Experts Warn of Serious Flaws in Crowdsourced AI Benchmarks
AI companies like OpenAI, Google, and Meta are now increasingly relying on crowdsourced platforms like Chatbot Arena to understand the strengths and weaknesses of their new models. However, some experts believe that there are serious flaws in these AI benchmarks, which raise questions about the accuracy and effectiveness of this process.
But some experts believe that this method is neither completely scientific nor ethical. Emily Bender, a good professor at the University of Washington and co-author of the book “The AI Con”, expresses special concern about this process. She says that platforms like Chatbot Arena cannot measure the real understanding of any model, because here decisions are based only on the user’s choice, not on any fixed standard.
Asmelash Hadgu, co-founder of an AI company named Lesan, says that many AI labs are using these benchmark platforms to exaggerate their achievements. He gave the example of Meta’s Llama 4 Maverick model, where the company hid the version with good scores and released a weaker version instead.
Hadegu believes that the benchmark system should not be kept static at one place. It should be developed in collaboration with different institutions and universities so that it can be better used in specific areas like education, health.

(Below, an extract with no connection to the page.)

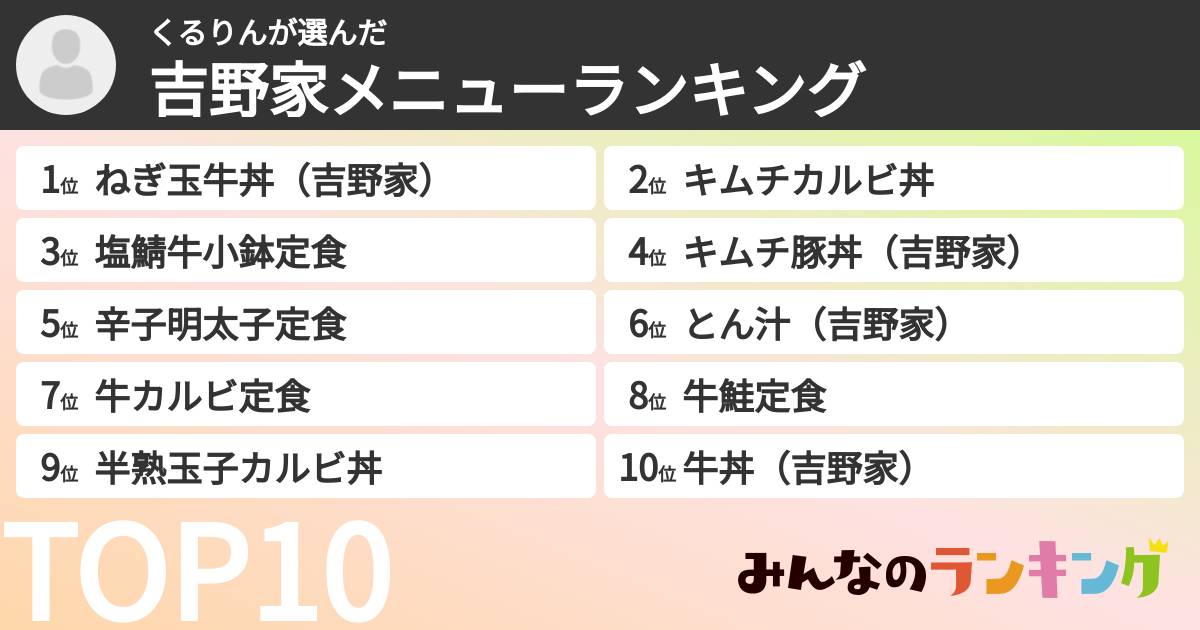 くるりんさんの「吉野家メニューランキング」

Both Christine Gloria, a former technology expert at the Aspen Institute, and Hadgu believe that people who test models should get remuneration for it. Gloria said that AI companies should learn from the mistakes of the data labeling industry, where workers are often exploited.

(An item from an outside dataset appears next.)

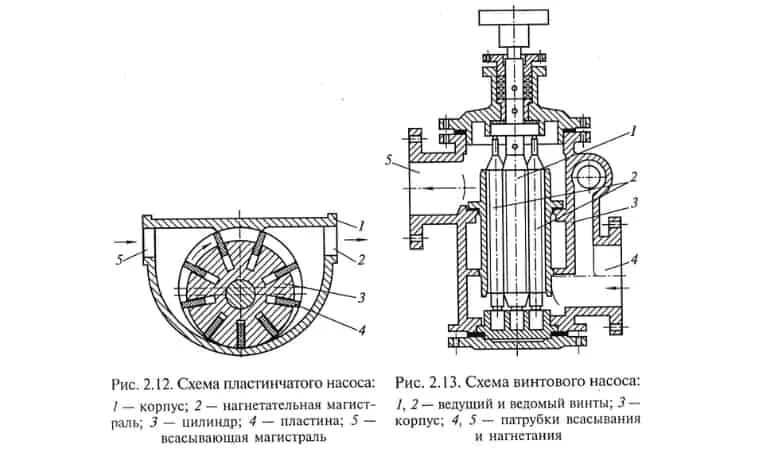 Схема роторного насоса для перекачки масла. Роторный насос для масла схема. Объемный роторный насос схема. Поршневой вакуумный насос схема.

Gloria also believes that benchmarking through crowdsourcing is a good step, but it should not be made the only criterion for testing any model. Technology is changing so fast that today’s benchmarks may prove useless tomorrow.
Gray Swan AI CEO Matt Fredrickson says that volunteers come to his platform not only for rewards, but also to learn something new and improve their skills. But he also admitted that public benchmarks can never replace professional private testing.
He believes that developers should also get their models tested by professional red teams and experts. And most importantly – whatever results come, they should be clearly communicated to the people.
OpenRouter CEO Alex Atallah and UC Berkeley researcher Wei-Lin Chiang also believe that only open testing will not work. Chiang, who is one of the founders of LMArena (the team that operates Chatbot Arena), says that his aim is to provide an open and trusted space where the community’s opinions can come forward.
On the controversy of Meta, he said that this was not a design mistake of Chatbot Arena, but AI Labs misunderstood its policy. Now LM Arena has updated its policies so that such mistakes do not happen in future.
Finally, Chiang said, “Our community is not just volunteers or testers. People come here to understand AI and provide feedback. As long as our leaderboard reflects the real opinions of the community, we welcome it wholeheartedly.